Banyak Kejanggalan dalam Penetapan Margriet Sebagai Tersangka
Berita

Banyak Kejanggalan dalam Penetapan Margriet Sebagai Tersangka

Ada ketentuan yang ‘ditabrak’ penyidik dalam menetapkan tersangka, di antaranya putusan Mahkamah Konsitusi dan putusan Mahkamah Agung.

M-22
Bacaan 2 Menit

Kedua, menurut kuasa hukum Margriet, keterangan seorang tersangka tidak dikenal sebagai kategori alat bukti sebagaimana ditentukan dalam Pasal 184 ayat (1) jo. Pasal 1 angka 26 jo. Pasal 1 angka 27 jo. Pasal 1 angka 28 jo. Pasal 187 KUHAP. Padahal, dalam menetapkan kliennya sebagai tersangka, Kepolisian menggunakan keterangan Agustinus Tai Hamdamai, yang sejak tanggal 10 Juni 2015 telah lebih dulu ditetapkan sebagai tersangka.

Tim kuasa hukum Margriet menilai keterangan Agustinus Tai Hamdamai itu tidak bisa dikategorikan sebagai alat bukti saksi. Merujuk pada Putusan Mahkamah Agung No. 28 K/Kr./1997 tanggal 17 April 1978 seseorang dapat dinyatakan sebagai tersangka ataupun diduga melakukan tindak pidana yang disangkakan apabila ada minimal dua orang saksi yang melihat, mendengar, dan mengalami sendiri tindak pidana pada tempat dan waktu (locus dan tempus delicti) yang disangkakan.

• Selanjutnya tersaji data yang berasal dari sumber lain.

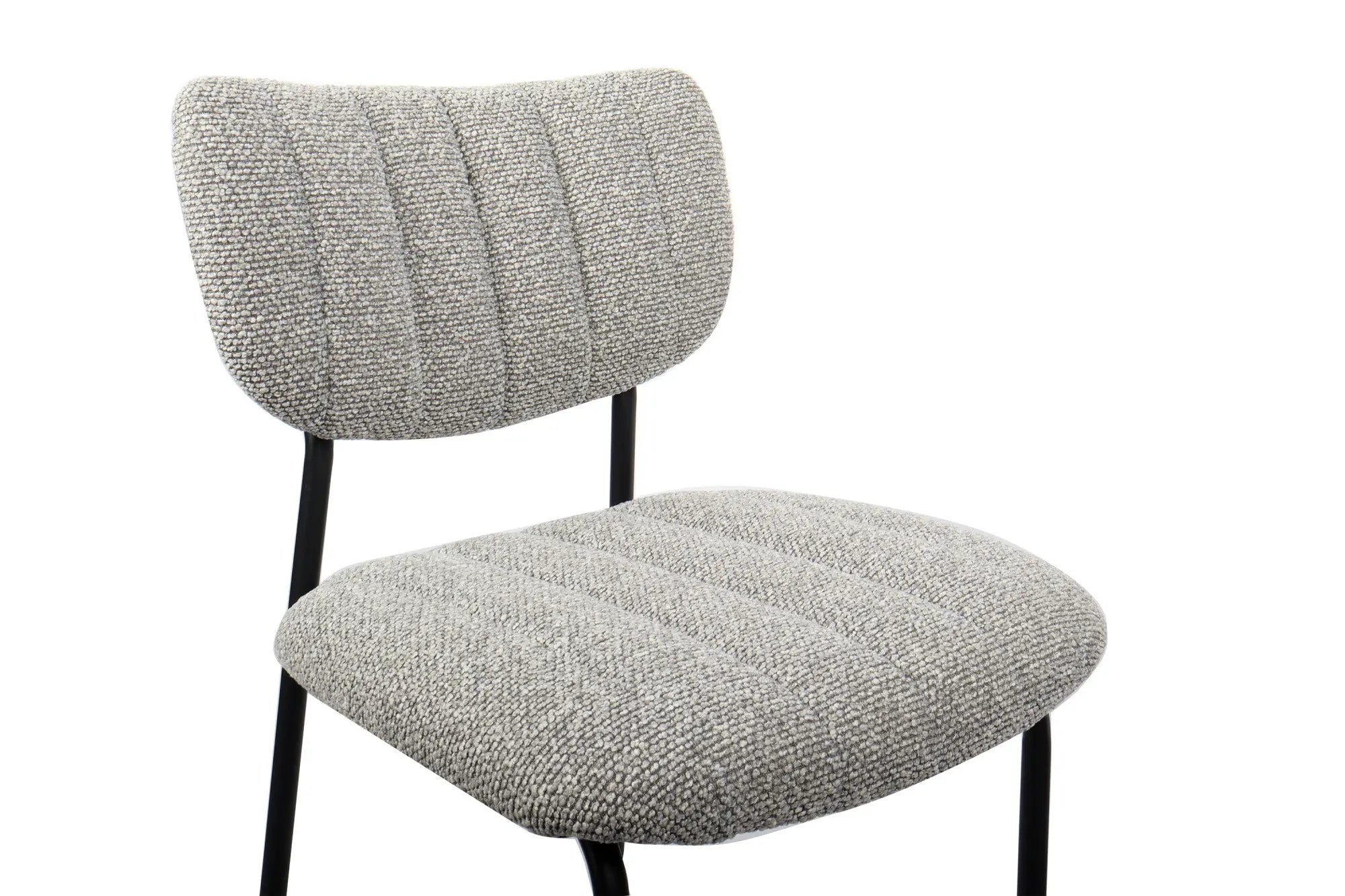 Chaise de bar ANITA Gris clair – 46 x 53 cm | TIKAYLA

“Bahwa sejak terbitnya Surat Perintah Penyidikan No.Sprin.Sidik/475/VI/2015/Bali/Reskrim Dps tanggal 10 Juni 2015, tersangka Agustinus Tai Hamdamai tidak pernah berstatus sebagai saksi saat menerangkan tentang keterlibatan pemohon,” sebagaimana tertulis dalam permohonan.

Selanjutnya, yang ketiga, masih dalam Surat Perintah Penyidikan (sprindik) yang sama Kepolisian menetapkan dua orang tersangka, yaitu Agustinus Tai Hamdamai dan Margriet. Padahal di dalam sprindik tidak terdapat pencantuman ketentuan mengenai penyertaan sebagaimana diatur dalam Pasal 55 KUHP. Kuasa hukum Margriet menilai penetapan kliennya sebagai tersangka bersama-sama dengan Agustinus Tai Hamdamai dalam satu sprindik tidaklah sah secara hukum.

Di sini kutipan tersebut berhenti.